JAKARTA - Serikat Petani Indonesia (SPI) tetap konsisten menolak rencana impor beras karena dinilai hanya akan merusak psikologi pasar dan pada akhirnya saat panen, harga di tingkat petani akan jatuh. Rencana impor tujuannya untuk menggembosi harga gabah di tingkat petani agar turun sesuai kemauan pemerintah.

Kepala Pusat Pengkajian dan Penerapan Agroekologi, Muhammad Qomarunnajmi, mengatakan rencana impor tambahan 1,6 juta ton beras seperti yang disampaikan Kepala Badan Pangan Nasional (Bapanas) sangat mengganggu psikologi pasar, terlebih dalam waktu dekat akan ada panen raya.

"Rencana impor hanya mengganggu persiapan panen," tegas Qomar.

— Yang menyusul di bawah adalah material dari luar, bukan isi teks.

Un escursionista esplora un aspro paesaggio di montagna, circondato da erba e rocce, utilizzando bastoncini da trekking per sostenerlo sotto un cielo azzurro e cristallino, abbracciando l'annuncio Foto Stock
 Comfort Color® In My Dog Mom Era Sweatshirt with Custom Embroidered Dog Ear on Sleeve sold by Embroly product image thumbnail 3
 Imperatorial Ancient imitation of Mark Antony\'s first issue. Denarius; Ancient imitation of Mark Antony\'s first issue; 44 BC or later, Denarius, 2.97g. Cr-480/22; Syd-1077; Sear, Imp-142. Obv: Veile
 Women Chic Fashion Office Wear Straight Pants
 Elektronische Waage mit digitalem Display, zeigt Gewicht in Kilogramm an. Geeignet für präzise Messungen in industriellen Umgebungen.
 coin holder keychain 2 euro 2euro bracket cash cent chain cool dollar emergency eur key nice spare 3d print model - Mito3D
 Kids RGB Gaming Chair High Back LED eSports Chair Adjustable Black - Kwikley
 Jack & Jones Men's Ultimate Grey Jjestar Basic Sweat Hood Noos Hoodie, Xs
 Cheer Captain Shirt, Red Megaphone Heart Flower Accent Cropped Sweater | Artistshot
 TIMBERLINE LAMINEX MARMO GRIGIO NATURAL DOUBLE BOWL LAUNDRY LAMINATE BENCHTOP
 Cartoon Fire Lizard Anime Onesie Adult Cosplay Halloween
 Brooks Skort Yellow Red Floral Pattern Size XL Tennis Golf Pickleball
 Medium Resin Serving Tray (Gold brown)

Seperti yang sudah disampaikan, setelah ada informasi akan impor, maka harga pasti turun menyesuaikan harga impor. Kemudian, harga gabah juga ikutan turun dan pengalaman-pengalaman di masa lalu, turunnya harga bisa sampai di bawah biaya produksi.

Dalam pandangan SPI, terang Qomar, harus ada evaluasi penetapan harga pembelian pemerintah (HPP) oleh Bapanas.

"Itu harus memperhatikan biaya produksi dan memastikan keuntungan petani. Ini akan memudahkan pemerintah untuk menyerap hasil panen dan mengamankan stok cadangan beras pemerintah," tandas Qomar.

Cegah Kekurangan Beras

Kepala Badan Pangan Nasional (Bapanas), Arief Prasetyo, menyatakan tambahan impor beras sebanyak 1,6 juta ton bertujuan untuk mencegah risiko kekurangan beras.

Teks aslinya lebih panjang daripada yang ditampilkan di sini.